From young gentleman Herbert Pocket in Great Expectations to interstellar gentleman Obi Wan Kenobi, you’d be hard pressed to find a better canvas for the filmed version of a gentleman than Sir Alec Guiness.
Something of a chameleon, he was fit to play such famed gentleman as King Charles I, Benjamin Disraeli, Prince Albert, Prince Feisal, Marcus Aurelius, Pope Innocent III, and Sigmund Freud. Though he could dress the scoundrel with the best of them. See: Fagin, Jacob Marley, Professor Marcus (original Ladykillers) and even Adolf Hitler.
Though, my favorite of his turns as an actor is a character that is perhaps gentlemanly to a fault. His Colonel Nicholson plays opposite William Holden’s Commander Shears and Sessue Hayakawa’s Colonel Saito in the masterfully filmed Bridge on the River Kwai. If you’ve never seen it and still want to consider yourself a man, don’t hesitate.

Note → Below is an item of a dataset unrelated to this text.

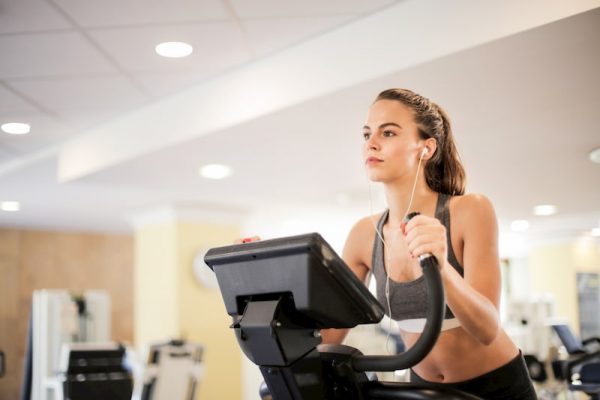 Woman working out on treadmill, ways to stop your period safely, e-Surgery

Without ruining the movie for you, Colonel Nicholson is the consummate officer and gentleman (eat your heart out Richard Gere). And the contrast of his ideals to that of his counterparts is both inspiring and tragic. “Madness!, Madness!”. He is a man who will uphold the highest level civility and code to no end, perhaps at the cost of pragmatism. While Shears, perhaps self serving, recognizes where code fails it's own purpose. In fact, my concept of a modern gentleman borrows equally from Nicholson and Shears, trying to take the best qualities of each character. Hopefully forming a man who does what needs to be done and does it right.